Journal des économistes/1 avril 1848/Introduction

Journal des économistesTome 20 (p. 1-2).

Nous avons pensé que, dans les graves circonstances où se trouve toute l’Europe, et alors que la vie semble, pour ainsi dire, doublée, il serait utile que notre publication parût à des époques plus rapprochées. Nos lecteurs recevront donc désormais une livraison du Journal des Économistes tous les quinze jours, au commencement et au milieu du mois.

Ce mode de publication entraîne naturellement une assez grande augmentation de frais ; nous maintenons néanmoins le prix de l’abonnement au taux où nous l’avons primitivement fixé. Comme par le passé, on nous tiendra compte, nous l’espérons, de ce nouvel effort que nous faisons pour soutenir les études économiques.

Ces études sont plus que jamais devenues indispensables. Avec l’avénement des libertés qui vont présider aux destinées des nations, un plus grand nombre d’hommes comprendront l’utilité qu’il y a à baser les institutions sociales sur le véritable fondement des choses ; un plus grand nombre d’hommes voudront s’instruire des recherches que la science possède sur les problèmes sociaux, économiques et financiers que présente l’administration des sociétés, nations, provinces ou municipalités ; tous verront mieux combien il est utile d’avoir une connaissance de la science générale de l’économie politique, pour demander aux pouvoirs publics la réforme des lois que l’ignorance du passé a accumulées dans le domaine du travail, et pour obtenir des lois nouvelles qui ne méconnaissent pas l’ordre et la justice, et qui interprètent avec intelligence cette magnifique formule que nos pères inscrivirent sur le drapeau de la France : Liberté, Fraternité, Égalité !

Ces trois mots volent de bouche en bouche ; peu d’hommes en savent, en comprennent, en sentent la véritable signification ; à tout prendre, les économistes, au moins la grande école vraiment digne de porter ce nom, a éclairé les notions concentrées dans ces trois mots, en ce qui touche l’immense domaine de l’industrie humaine. Or, il y a peu de lois, peu d’institutions qui ne méconnaissent la liberté ; il y en a peu qui ne violent l’égalité ; il y en a peut-être encore moins qui n’aient interprété la fraternité contrairement à la nature de l’homme et à son intérêt.

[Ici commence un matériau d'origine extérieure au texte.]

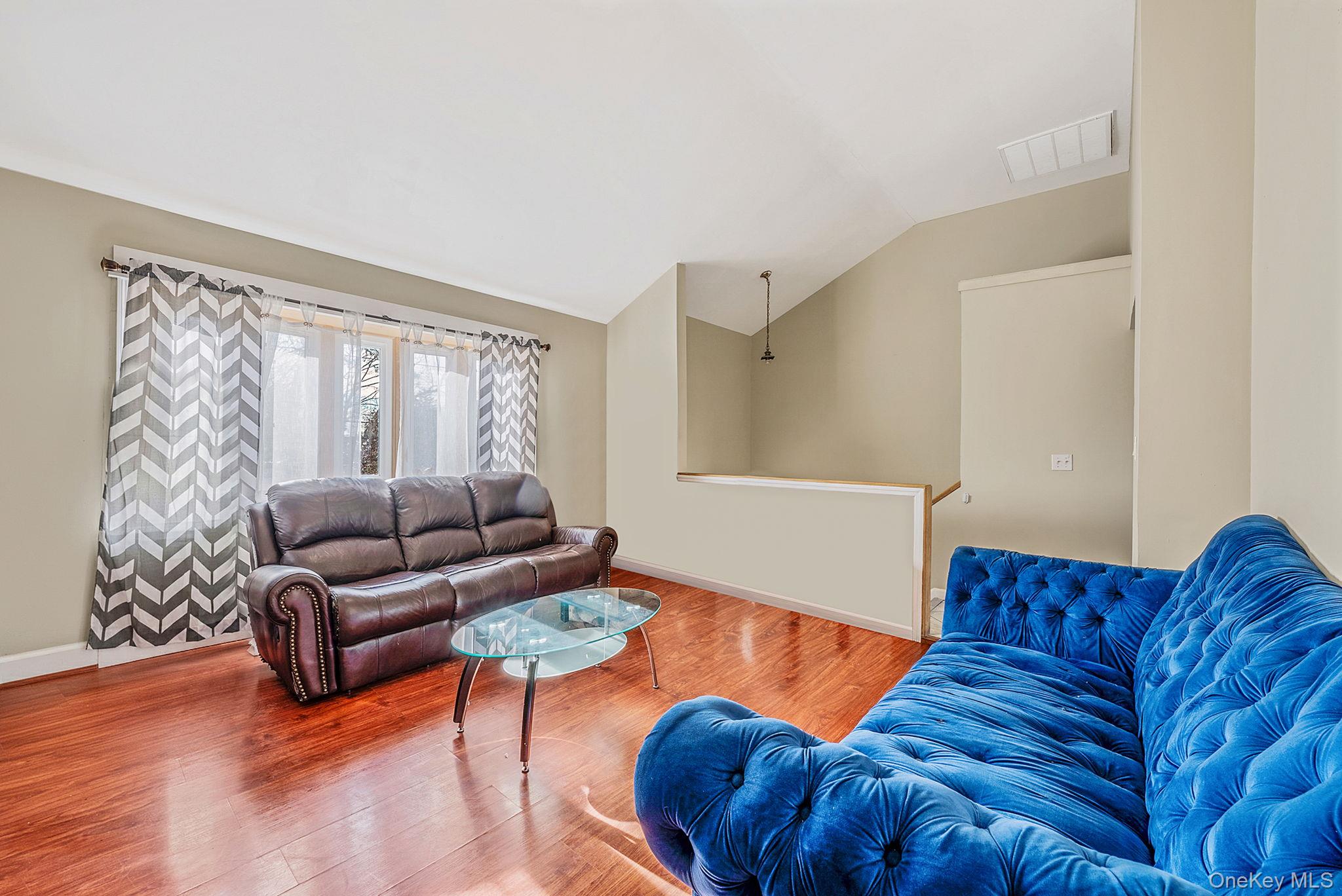 #3 photo, 47 Levey Boulevard, מחוז סאפוק Wyandanch , NY 11798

L’économie politique, science naturelle de l’homme social, travaillant pour produire afin de consommer, se trouve aujourd’hui en présence de trois obstacles dont elle est appelée à triompher, à la suite de douloureuses expériences, qui ont été et seront encore tentées sur l’humanité, tanquam in anima vili. Le premier obstacle est une ignorance universelle, fruit du système de l’enseignement public, qui lance la jeunesse dans la voie du passé, et lui cache tout ce qui pourrait la guider dans l’avenir ; le second obstacle est dans les préjugés et les passions des protectionnistes, qui conduisent aux barrières entre les peuples, aux haines de nations, à l’étiolement de l’industrie et au rabougrissement des populations ; le troisième obstacle est dans les illusions socialistes, qui poussent les pouvoirs publics dans l’emploi de procédés incohérents, artificiels, malfaisants et ruineux.

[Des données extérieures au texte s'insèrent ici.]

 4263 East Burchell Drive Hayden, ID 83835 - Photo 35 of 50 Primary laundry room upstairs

L’ignorance sera vaincue ; les nouvelles institutions politiques dissoudront avec le temps tous ces brouillards qu’ont faits les écoles bâtardes du passé, et notamment l’école universitaire impérialiste, qui a puisé une nouvelle force dans la Restauration et l’établissement de Juillet. Le parti protectionniste verra crouler une à une, par la force des choses, les bases de sa théorie ; les faits finiront par crever les yeux, et l’intérêt des masses devenant, comme c’est juste, la loi suprême, le pouvoir sera entraîné à émanciper nos manufacturiers malgré eux.

Quant aux socialistes, les voilà enfermés dans la tour de Babel, et obligés de s’expliquer entre eux. Relativement aux trois quarts des procédés qu’ils ont prônés, il ne résultera du conflit dans lequel ils se trouvent engagés que confusion et déception. Quant à l’autre quart, sur lequel ils parviendront à s’entendre, remarquez bien qu’il portera, sauf très-peu d’exceptions, sur des idées que Quesnay, Turgot, Adam Smith, Malthus, Say et autres ont déjà complétement élucidées, et qui rentrent dans le domaine du sens commun économique.

Personne mieux que nous n’a rendu hommage aux talents et aux brillantes qualités de quelques adeptes des écoles socialistes ; talent d’élocution, talent de style, imagination, enthousiasme, passions généreuses (abstraction faite d’un peu de haine, d’injustice et parfois de grossièreté à l’égard de l’école libérale) ; mais nous avons toujours dit et nous maintenons que toutes ces belles intelligences s’étaient fourvoyées ; qu’Hercules modernes, ils avaient entrepris de soulever l’impossible, et nous avons été réduits à admirer la beauté de leurs muscles en même temps que l’inanité de leurs efforts.

Les socialistes, les communistes surtout ont vécu jusqu’ici à l’ombre des prohibitions politiques. Tenus de s’expliquer et d’agir désormais au grand air de la liberté, ils verront leur conviction s’évanouir, et il ne leur restera de l’ensemble de leurs idées que ce qu’il y a de vrai et de praticable. Or, ce qu’il y a de vrai et de praticable en eux ne leur appartient pas exclusivement ; c’est le fonds commun de toutes les théories qui ont la société pour but. Ajoutons que de temps en temps un socialiste se détache de la ruche où il a grandi, pour protester contre les illusions de sa jeunesse, et pour entamer avec son école un combat profitable à la vérité universelle.